RU17379U1 - THERMOELECTRIC CURRENT GENERATOR FOR MEASURING SYSTEMS ON PIPELINES OF GAS AND OIL WELLS - Google Patents

Abstract

1. Thermoelectric current generator for measuring systems in pipelines of gas and oil wells, comprising a heat exchange unit made in the form of a half sleeve, a thermocouple battery, a cooling unit and a device for pressing to the pipeline, characterized in that a cavity is made on the surface of the half-coupling in contact with the pipe, which contains a heat-conducting fluid, while a gasket made of an elastic material is installed around the perimeter of the cavity. 2. The generator according to claim 1, characterized in that the cavity is made with a depth of at least 3 mm. The generator according to claim 1 or 1 and 2, characterized in that holes are made on the end surface of the coupling half facing the pipe, which are connected to the cavity. 4. The generator according to claim 3, characterized in that the plugs are installed in the holes. 5. The generator according to claim 1, or 1 and 2, or 1 - 3, or 1 - 4, characterized in that the device for pressing is made in the form of a beam and coupling bolts, while the beam is installed across the pipeline symmetrically to its axis and bolted with the possibility the formation of elastic stresses from bending in it.

Description

THERMOELECTRIC CURRENT GENERATOR FOR MEASURING SYSTEMS ON GAS PIPELINES AND OIL WELLS

The utility model refers to the field of direct transformations: thermal energy is converted into an electrical unit and can be plugged into thermoelectric current generators to measure this: gas on the pipeline; -: gas and oil wells.

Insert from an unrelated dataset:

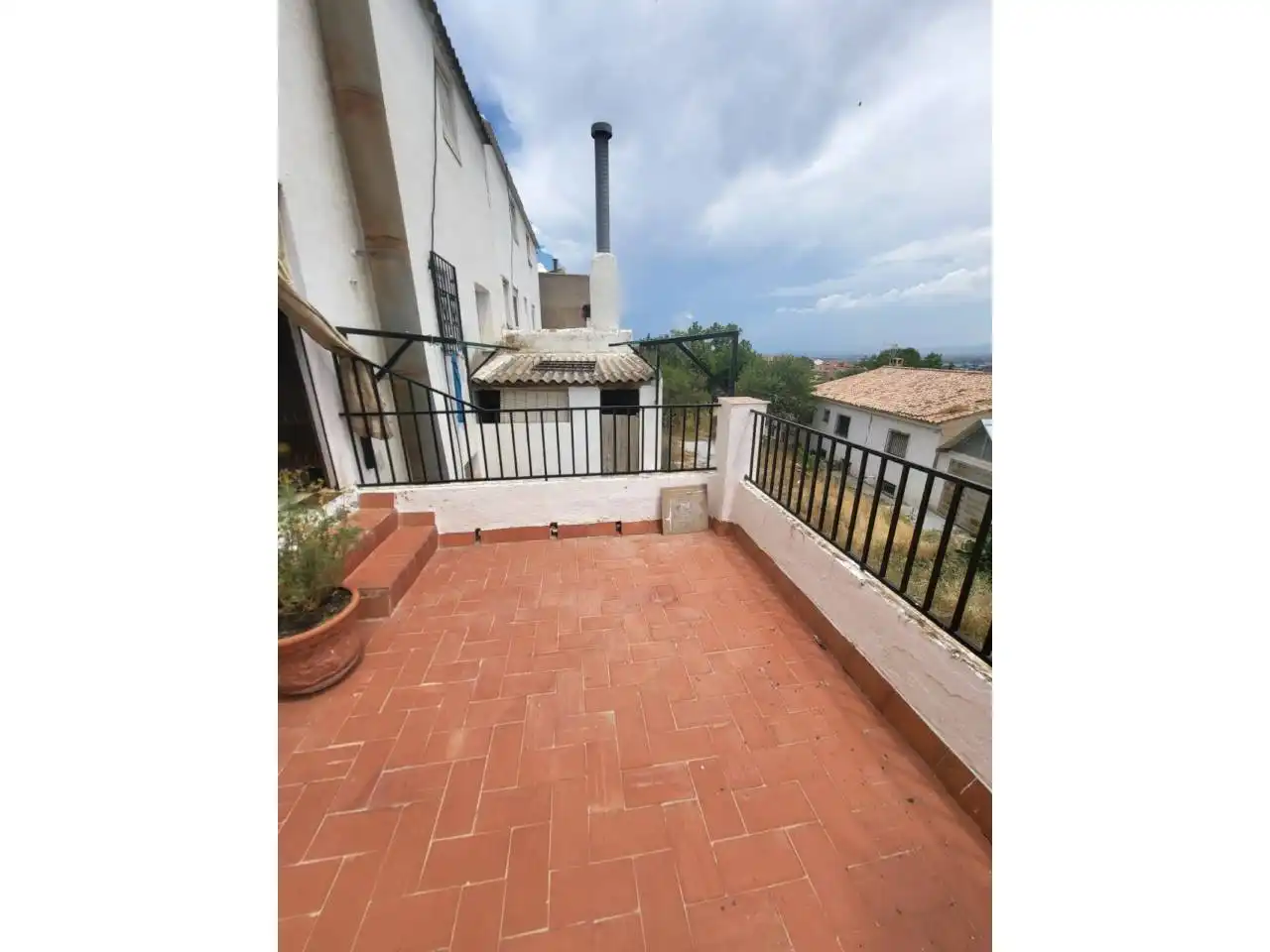 Terrassa de Casa o xalet en venda en Baza amb Calefacció i Terrassa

The well-known thermoelectric current generators that are currently installed on pipelines close to the mouths of gas or oil wells for independent local power supply of telemetry equipment, which periodically transmit data on working parameters: wells: temperature, pressure, flow and t.

A disadvantage is known: -: thermoelectric 1111; Current generators for measuring pipelines in gas and oil pipelines: wells have large heat losses due to loose adherence of the heat exchange unit to the pipeline, which leads to a temperature difference between the wall of the pipeline and the heat exchange unit and, as a result, to the temperature comparison of the thermocouple junctions. A decrease in the temperature of hot junctions: while maintaining the temperature of the cold junctions, the power of the thermoelectric generator decreases.

Closer to the aggregate are essential: for some, the thermoelectric is a useful model; three-way: the 11th current generator for measuring systems on oil pipelines Сшша; "; the in containing a heat-exchange unit made in the form of a half coupling, a battery of thermocouples, a cooling unit and device for pressing to the pipeline, made in the form of bolts (UK patent N 2140206, MSH: H 01 L 35/20, publ.

The well-known thermoelectric current generator uses heat from a pipeline with natural crude oil, while heat is removed from the outer surface of the pipe due to its dry contact with the half-surface.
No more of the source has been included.